Other Italian designers charmed the celebrities that descended on Rome’s Cinecittà studios in the 1950s and 1960s. Tempted by the low location costs and sybaritic lifestyle, US filmmakers set up camp in the Eternal City, beginning an era of “Hollywood on the Tiber”. While Italian fashion became cinematic history in films like Roman Holiday and Cleopatra, the nascent paparazzi chronicled the off-duty style and shopping sprees of the stars.

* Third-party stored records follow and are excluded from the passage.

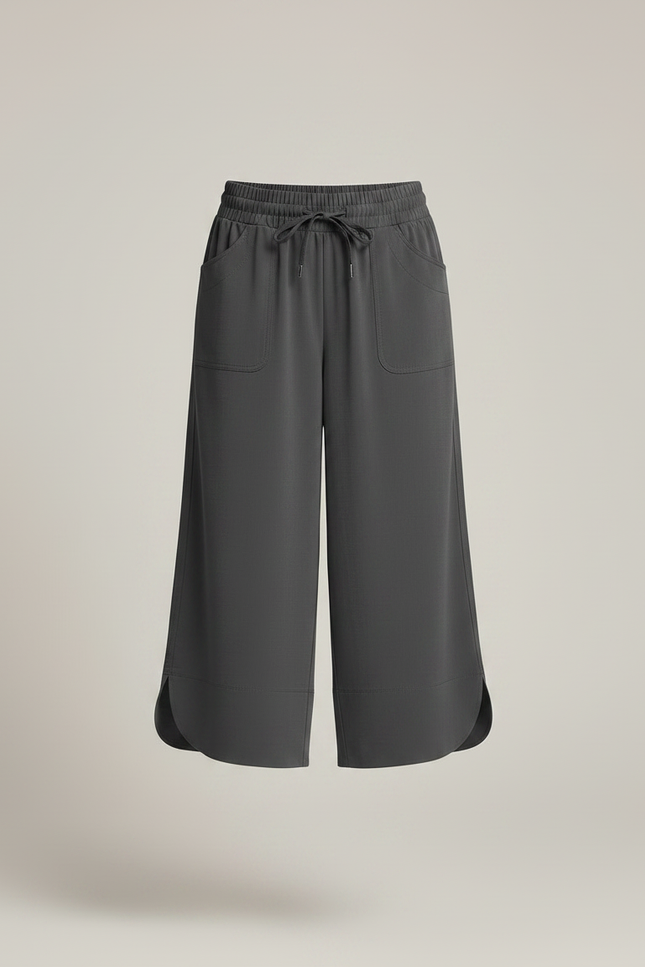 Pantalon Fluide Gris Ample Cordon Décontracté Mi-long - Viscose - vue 3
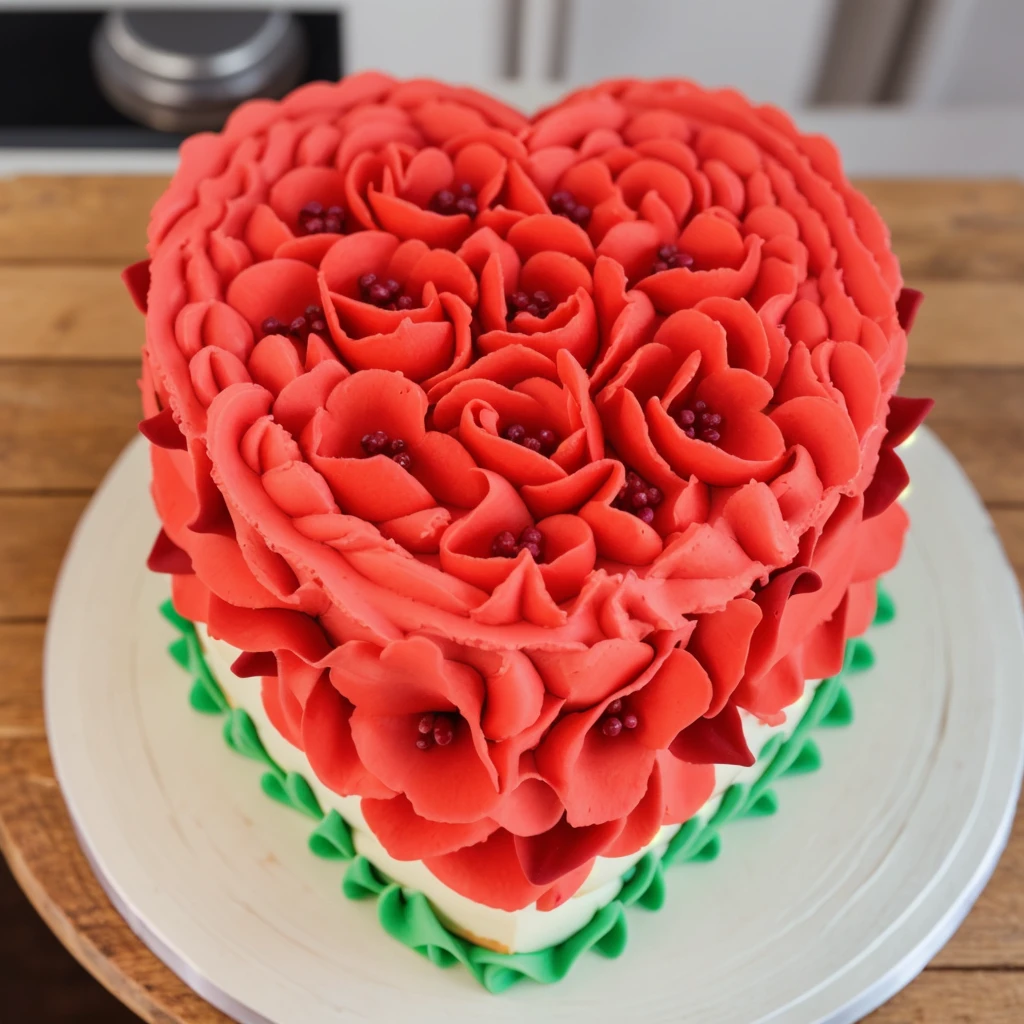 on a wooden table, a cream cake in the form of a heart, the lower part of the cake is made of green cream stars, a cream layers red white green, made of polymer clay, window light, bright lights, soft light, window light, professional lighting, light from the window, neat light, realistic texture, realistic style, detailed texture, high quality, high resolution, high quality rendering, realistic photo, brightning light, macro photo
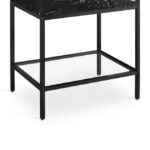 Marmo 30" Engineered Stone Top, Steel And Glass Base Vanity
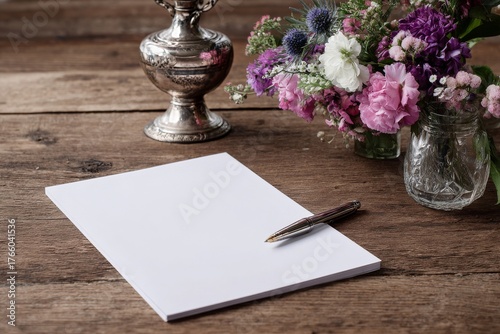 White Paper and Pen Next to a Vase of Flowers on a Wooden Table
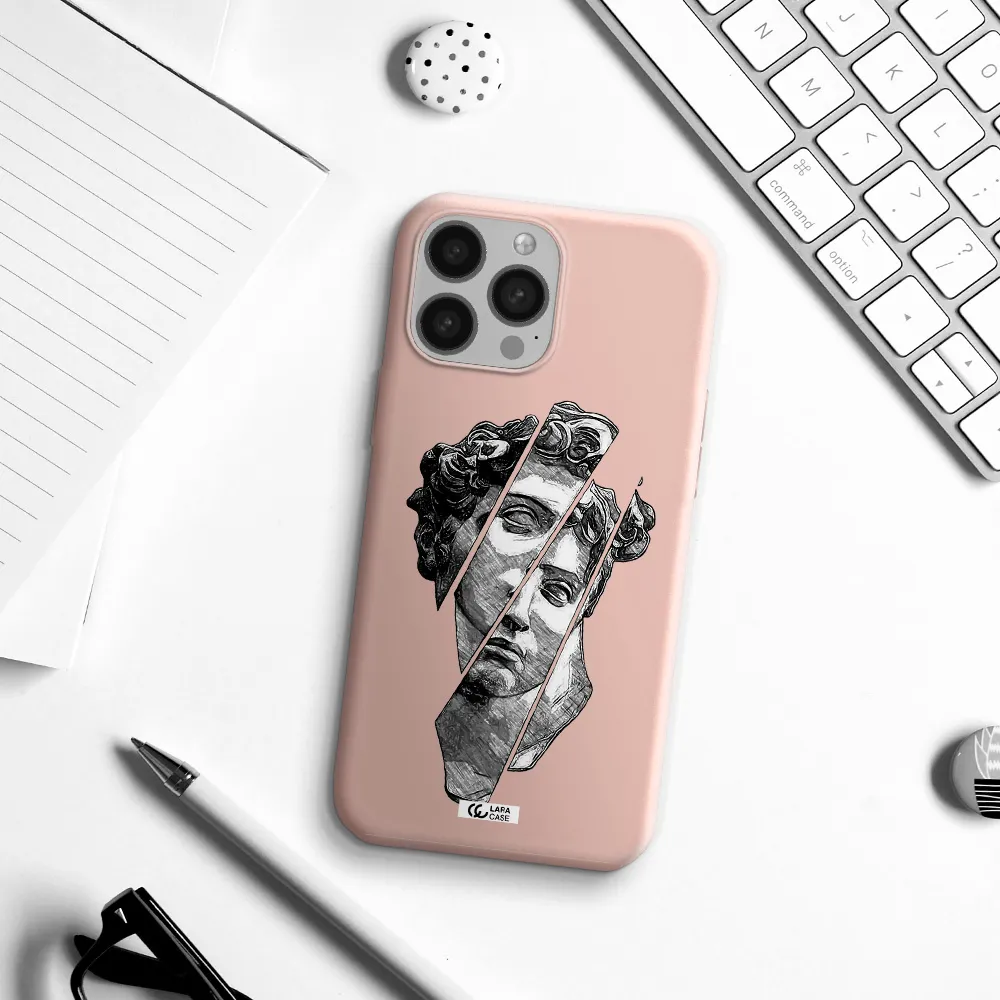 a drawing of a head of a man Apple iPhone 13 Pro Silicone pastel pink Case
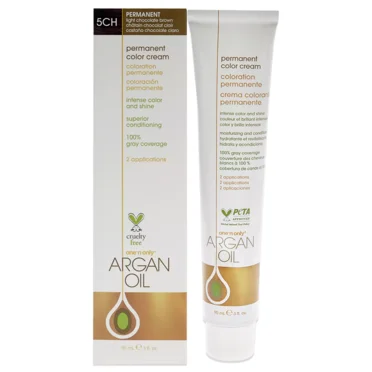 Argan Oil Permanent Color Cream - 5CH Light Chocolate Brown 3 oz Hair Color
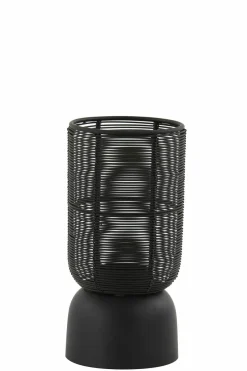 Light en Living Windlicht Lezuza mat zwart Ø10x21 cm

Richard Burton joked that “Bulgari” was the only Italian word Elizabeth Taylor knew. He and Eddie Fischer showered her with jewellery from the Roman house. The most spectacular pieces in the exhibition are some gasp-inducing Colombian emeralds that Fischer gave her. Other Hollywood highlights include a sequined dress Lee Radziwill wore to Capote’s 1966 Black and White Ball and one of Audrey Hepburn’s War and Peace gowns.
At that time, designer fashions were way beyond the average Italian’s budget and were targeted at North American buyers. Italian exports were cheaper than the French competition and impressed foreigners with their slim-line, deconstructed tailoring and high-quality fabrics, enhancing the country’s image abroad.
Menswear makes up about a third of the pieces showcased, including some 90s Armani and Zegna pieces and a suit made by Roman tailor, Angelo Litrico, for John F Kennedy. A recent Valentino look that references Savile Row techniques shows the evolution of Italian tailoring.
Modern fashion coverage is so focused on Milan that we sometimes forget it is a national effort, encompassing the fine silks of Como, Tuscan leather and lush Varese knits, to name just three. A Neopolitan-trained tailor’s work is distinct from a Milanese’s. A digital map of Italy’s “productive districts” educates visitors about the complex web of regional specialisms that are unique to Italian fashion.
Walter Albini, the father of Italian ready-to-wear, is another little-known innovator that the exhibition celebrates. The Varese native was an early and prolific ‘stilista’, a profession combining design, styling and mediation between buyers, press and public. The role was instrumental in making high fashion more affordable. Albini worked for a large number of design houses, using his manufacturing contacts to enhance the role of the designer in production and developed new ways of consuming and showing fashion. He sought to blend haute couture with off-the-rack manufacture. His work encouraged wealthy 70s consumers to see easy-to-wear pieces as glamorous and modern. Now largely forgotten, Albini’s efforts have deeply influenced the way Italian brands retain customers. Pieces by early ready-to-wear successes like MaxMara appear alongside his work at the V&A.
The third room is filled with what most visitors will come for: archive pieces by the big names on the Milan Fashion Week schedule. This space is dedicated to the 80s “cult” of the Italian designer, which has seen creatives become at least as famous as their celebrity clients. Ms Stanfill has pulled some real gems, including a plunging white number by Tom Ford for Gucci, a dip-dyed Prada gown and bauble-trimmed Valentino couture. Roberto Cavalli sent leopard-print and leather pieces. Bottega Veneta’s understated intrecciato [woven leather] accessories, highlight an ability to adapt to the post-recession “stealth wealth” trend.
The curator takes great care to balance the space, leading visitors gently through the big 80s names (Ferré, Versace, Armani) past 90s stars and post-millennium revivers (Valli, Dolce&Gabbana, Ford for Gucci), and right up to date with 2014 pieces by MiuMiu and Marni, as well as young designers like Fausto Puglisi.
Perhaps the most important part of the exhibition is a looped screening of interviews in which designer Angela Missoni, Vogue Italia’s Franca Sozzani and other experts discuss the future of the industry. There is much talk of a need to nurture young designers and shake up the old guard. There are calls for the government to tax fashion businesses fairly, to support start-ups and to appreciate an export that does so much for the country’s image abroad.
Interestingly, there is no uncertainty about the endurance of “Made in Italy” as a phenomenon. In 2014, fashion design is a more global profession than ever before. Italian brands increasingly outsource their manufacturing to the east and owe their expansion to foreign investment and control (the exhibition’s Roman sponsor is part of the LVMH group while Blackstone, the US private equity giant, bought a fifth of Versace last week), yet the cognoscenti have absolute faith that our desire to wear their clothes will continue.
“We know that sometimes we have to make double the effort to get certain results but this is the best country in the world,” says Missoni. “I don’t think the fact that the fashion world became more global ..... will change the fact that we design the clothes. I think [...] we are aspirational for other countries; they want to be dressed like Italians dress.”